The UK is negotiating a military deal with the EU that will allow them to share assets and cooperate amid growing global security threats.

The aim is to tackle ‘shared threats’ through the combination of resources and intelligence.

A new paper details what the deal will involve and explains how the UK will achieve it in the political landscape of Britain leaving the EU.

The UK is the only country that meets the NATO targets of spending 2% of the GDP on defence, 20% of which goes on equipment, and 0.7% of gross national income on international development.

The government is using its success in this respect as proof of the need for such a deal.

Secretary of State for Leaving the European Union David Davis said of the deal:

“It’s in our mutual interest to work closely with the EU and its member states to challenge terrorism and extremism, illegal migration, cyber-crime, and conventional state-based military aggression.

“Today’s paper highlights Britain’s world class diplomacy and defence capabilities, our leading contribution to international development, and our desire to continue to use these as part of a deep and special partnership with the EU.”

Details of the deal

The paper draws on the ‘common goal’ of the UK and EU of a ‘safe and secure world’.

It says that not only will the British army maintain a relationship with EU member states, but with the US, the Middle East, and Africa.

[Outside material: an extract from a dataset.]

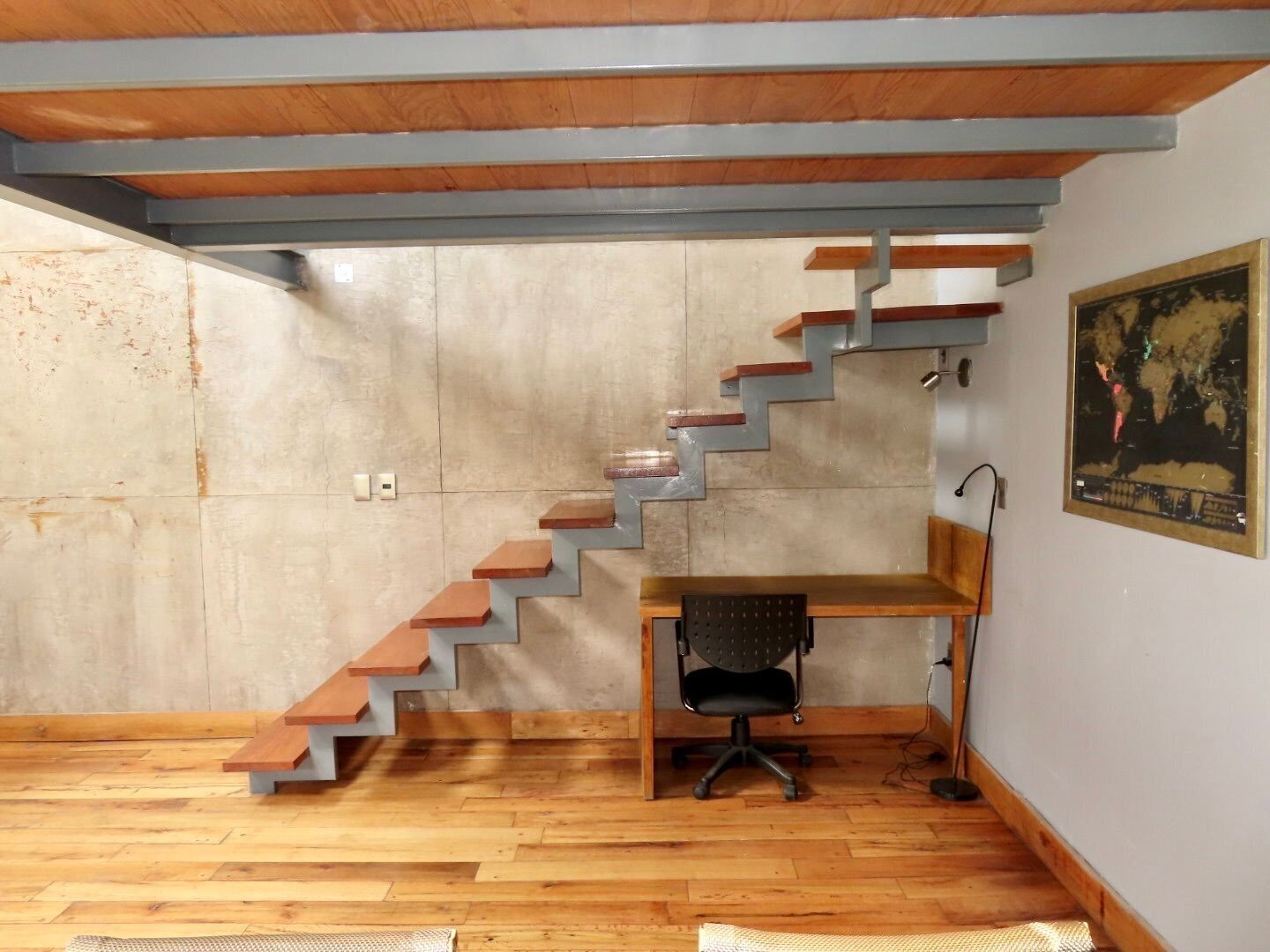 Ein modernes Zimmer mit einer Betonwand, Holzboden und einem außergewöhnlichen Treibendesign.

They also wish to go beyond the current collaborations that they have with the EU, effectively increasing their relationship post-Brexit.

They point out that their individual military strategies outline the same goals, including tackling terrorism and cyber threats and responding to crises.

The biggest emphasis lies in the success of Britain’s military under NATO guidelines and the UN.

The government is emphasising this as leverage in forging a military deal, and includes several case studies of its missions in the paper.

Defence Secretary Sir Michael Fallon said:

“With the largest defence budget in Europe, the largest Navy British troops and planes deployed across land, air and sea in Europe, our role in the continent’s defence has never been more vital.”